I am totally obsessed with plastic and how to stop using it.   All plastic is essentially created from crude oil.  Crude oil takes millions of years to form, compressed from decaying plant and mineral matter, in order to occur naturally.  Mankind has ravaged the world of its oil resources in the last two hundred years with fewer countries, supplying less oil from one decade to the next.  We cannot continue our love affair with plastic, it is not a sustainable material.  

Even recycling plastic takes a lot of effort and energy to produce and as plastic is recycled the quality reduces so most plastic cannot be recycled more than 10 or 20 times before the quality is so bad the product becomes worthless.  Often recycled plastic is blended with virgin material to increase the quality of the final product.  So our reliance on crude oil continues…

Think about how much plastic you use in your daily life… the vast majority of commercial activity provides products used in domestic life somewhere, somehow: golf clubs, mobile phones, lipstick, cars, jewellery, shoes.  Plastic is used everywhere –for everything! Where do we start –what is more important?  The best way to think about this is the life time of an object –what do you use once and throw away? What creates the most rubbish? These things are the worst offenders because they need recycling more often or end up in a landfill site or an incinerator more frequently.   


The disposable side of fast moving consumer goods is the worst offender here, fast food, fast entertainment, quick and easy everything on the go, comes at a price.   For example if you have a telephone made of plastic and you use this day in day out for 20 years this is of less consequence that buying plastic shampoo bottles every 6 weeks.  Burning plastic generates a lot of methane and carbon dioxide which increases global warming so the more that goes in the bin the worse it gets.  These are my top five “plastic cut outs”:

              1.  "1 drink" Soft drink bottles

              2.  Carrier bags

             3.  Squash and Water bottles

             4.  Cosmetics

             5.  Clothes

What are the alternatives to plastic?  If you look at the history of plastic you get some good clues as to how we can drive down our reliance on this type of material. Who remembers the 1950s? Sandwiches got wrapped in greaseproof paper; ginger beer came in a glass bottle; lunchboxes were made of metal; no shower gel in sight.  Glass and aluminium can be recycled for ever and ever with no loss of quality. The first products to really benefit from early plastics like bakelite (they just had to call it bakelite after Dr. Leo Baekeland, as its real name was polyoxybenzylmethylenglycolanhydride !) –were products benefiting from its heat resistant and electrical insulating properties. For example: radio and telephone casings. 

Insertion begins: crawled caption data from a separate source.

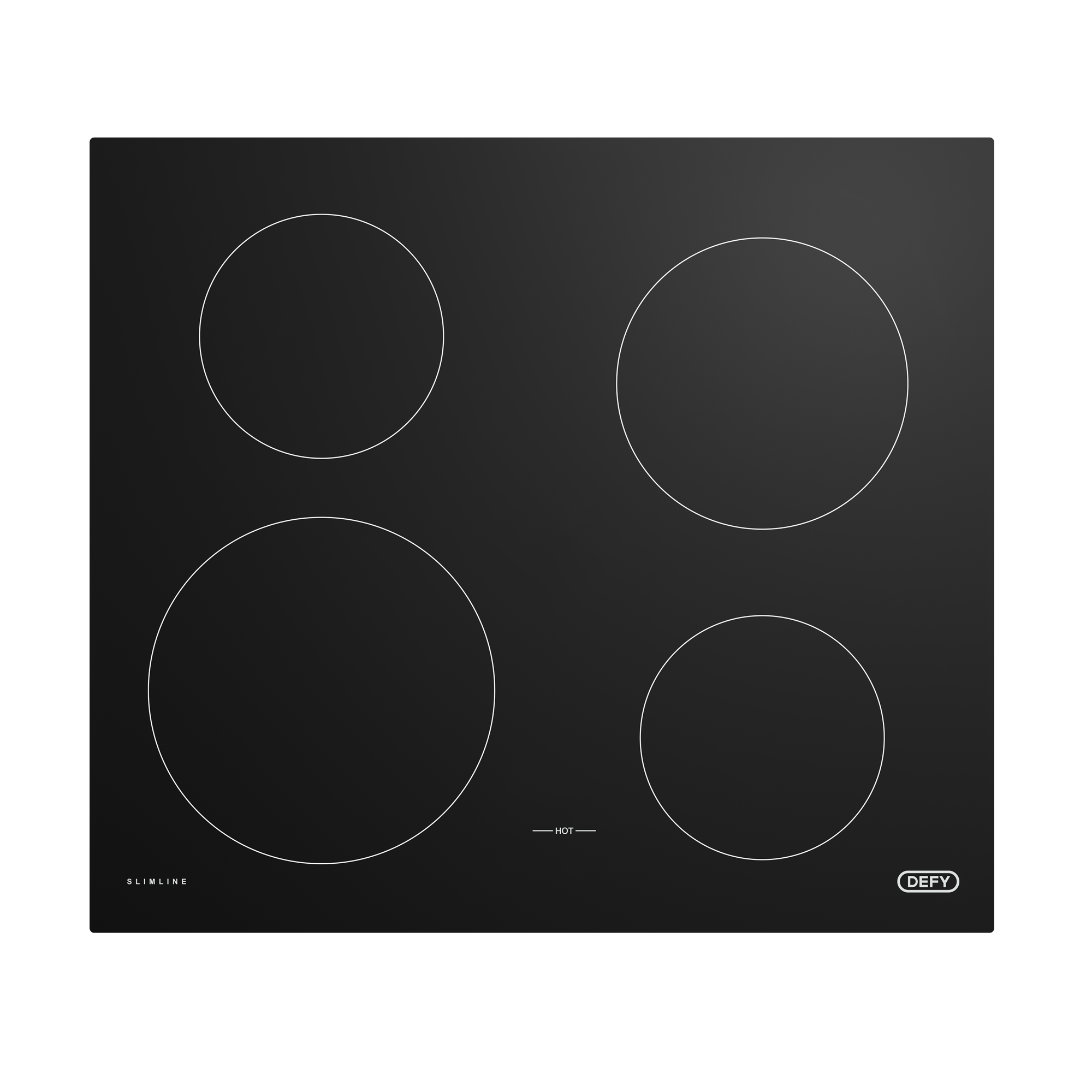 Defy 60cm Black Ceramic Hob DHD409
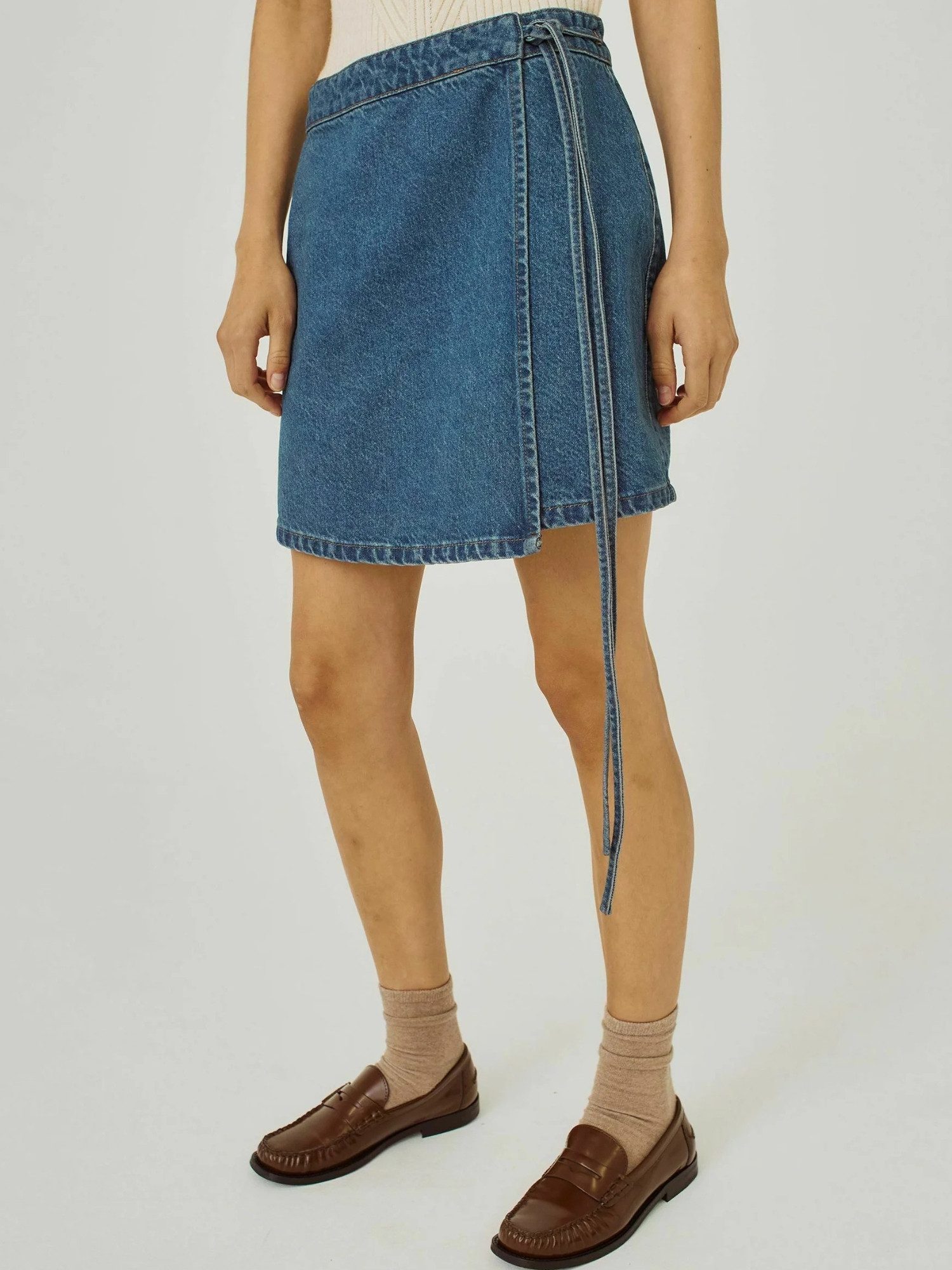Medium blue denim
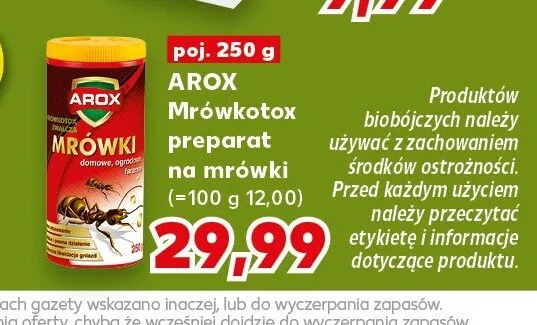 Preparat na mrówki Mrówkotox AROX promocja w Kaufland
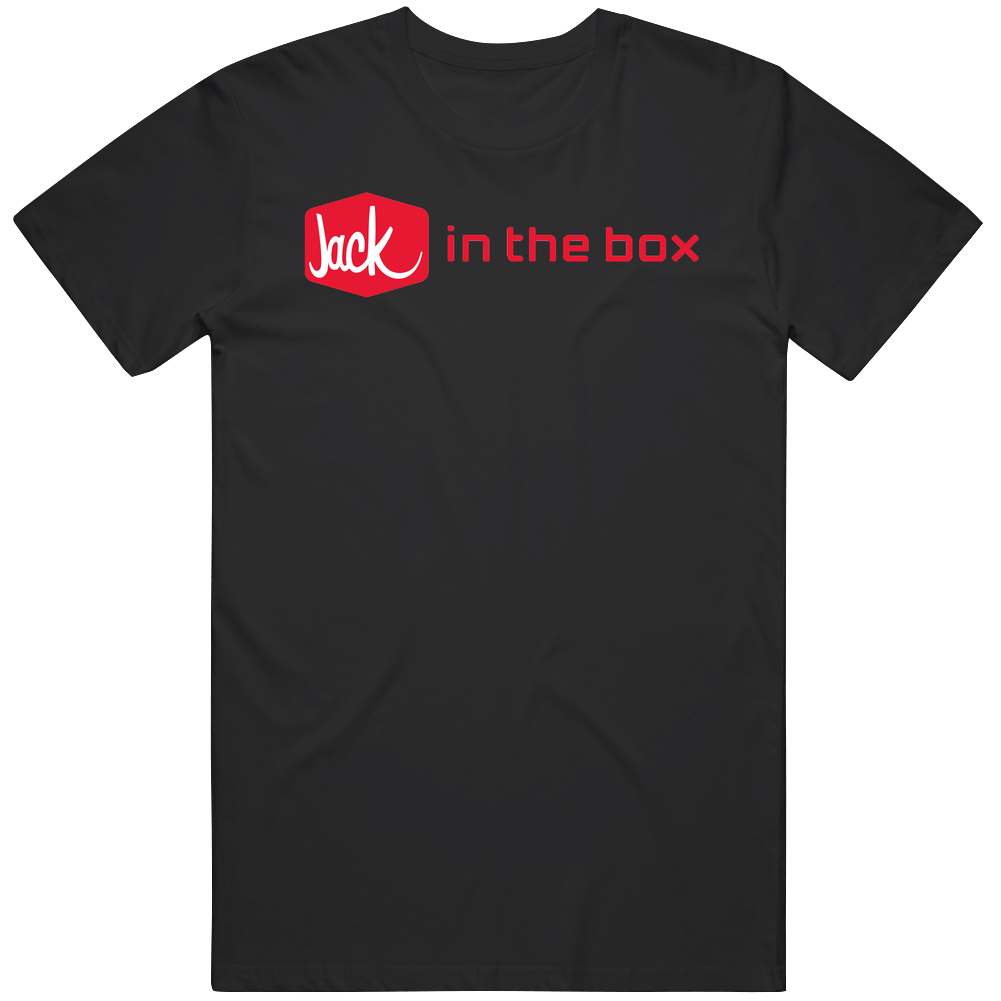Jack In The Box Fast Food Logo Men’s 100% Cotton Black T Shirt Jack In The Box Fast Food Logo Men’s 100% Cotton Black T Shirt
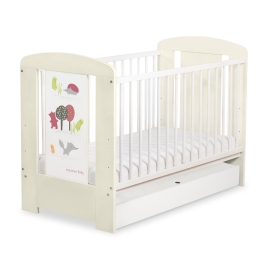 Baby cot bed 120x60cm Secret forest with drawer STANDARD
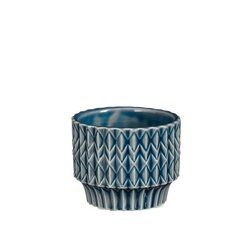 Mica Pot lauria d7.5h6cm blauw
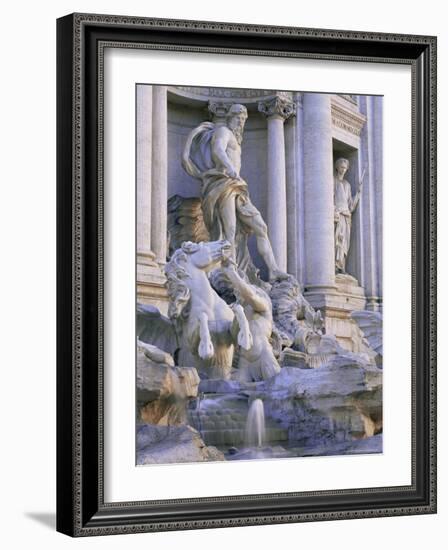 Detail of the 18th Century Fontana Di Trevi, Piazza Di Trevi, Rome, Lazio, Italy, Europe-Ruth Tomlinson-Framed Photographic Print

copyright old telephones flickr


So can we go back to those days when only a few products needed plastic? Probably not, technology has moved on and new solutions are appearing all the time, but it is useful to have the 1950s in your head to think about why the way we live is so different now. The container for rubbish to be collected by the public services is referred to as the DUST bin for the exact reason that it used to just contain dust.  Any waste was thrown onto the coal fire and when the fire has died, cold ashes or dust went into the dust bin. Ashes to ashes, dust to dust, tread lightly on the earth.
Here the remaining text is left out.